L’aspetto positivo è che non c’è neanche bisogno di avere già un prodotto da pubblicizzare: basta avere una mission ben chiara per iniziare a costruire la community. Può anche essere più semplice incontrare, una alla volta, le persone che hanno interesse a risolvere il problema al centro della tua mission e cercare di imparare il più possibile da ognuna di esse. Il passo successivo è quello di collegare le singole persone che incontri, per avere una community.

3) Fare in modo da far sentire speciali i membri della community

Probabilmente si sentono già speciali, se il founder della startup ha impiegato del tempo per incontrarli e parlare con loro. Occorre continuare su questa strada, facendo sentire ogni membro della community speciale e privilegiato per essere parte del network. Un consiglio utile è quello di mantenere la community esclusiva, con accesso su inviti, per mantenere alto il senso di appartenenza ad una community “diversa dalle altre”.

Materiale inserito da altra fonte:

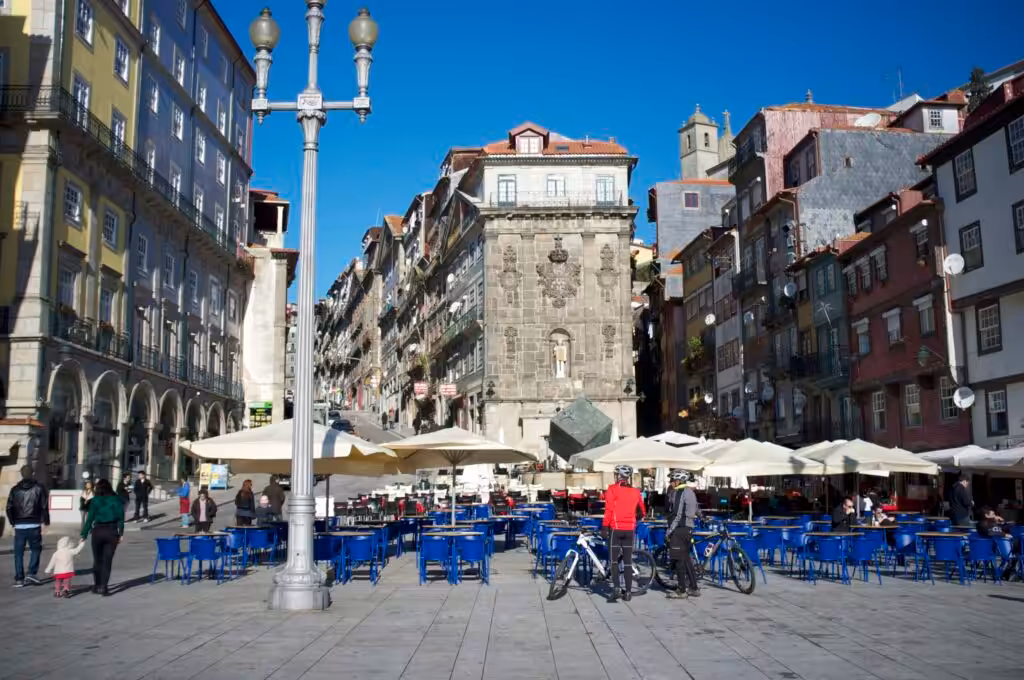 Praca da Ribeira in Porto on a sunny December day, with cafe terraces and old town facades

4) Costruire la community per i suoi membri, non per te

Spesso le startup fanno l’errore di impostare la community chiedendo ai suoi membri di aiutarli con tweets e feedback: secondo l’autore questa impostazione è sbagliata, perché ci si dimentica che le persone stanno già investendo per noi qualcosa di molto prezioso, cioè il proprio tempo.

Dal momento che la community è costituita da persone con le quali abbiamo parlato, che conosciamo, dovremmo sapere quali sono le loro esigenze e i loro problemi. Per questo, la startup dovrebbe lavorare per risolvere tali problemi, facendo tesoro del tempo e dell’energia che la community apporta al team.

5) Creare una piattaforma adatta alla conversazione

Un gruppo di persone può considerarsi una vera e propria community soltanto se i suoi membri stanno costruendo delle relazioni tra loro. E le relazioni si costruiscono attraverso la conversazione.

Per cui, è indispensabile offrire ai membri di una community la possibilità di interagire: il consiglio di Spinks è quello di utilizzare, all’inizio, dei gruppi ad hoc su Facebook. Questo perché la piattaforma è già un luogo di incontro familiare per i membri della nuova community che si sta creando.
Inoltre, è possibile organizzare degli eventi per facilitare l’incontro tra i componenti della community.

6) Assicurarsi che ognuno si senta ascoltato

E’ molto importante che i membri di una community sappiano che c’è qualcuno in ascolto: bisogna rispondere sempre ad ogni messaggio e ad ogni commento, e se un altro membro della community risponde in maniera appropriata occorre far capire che si è d’accordo con “like”. Inoltre, bisogna sempre incoraggiare i membri della community a rispondere ai post e commentare.

In una nuova community all’inizio ci saranno quelli che Spinks definisce “silenzi imbarazzanti”: è un aspetto inevitabile, ma bisogna continuare ad impegnarsi e a mantenere un atteggiamento positivo. Una volta che i meccanismi inizieranno ad ingranare, i benefici di una community ripagheranno tutti gli sforzi.

7) Crescere in maniera costante

Una volta che la community inizia a girare, è importante continuare a farla crescere tenendo continuamente alta l’energia. Bisogna continuare a portare persone all’interno della community, a poco a poco ma costantemente.
Seguendo questi consigli, con il tempo la startup avrà a disposizione una community forte e numerosa che sarà un’ottima base per la vita dell’azienda e del prodotto.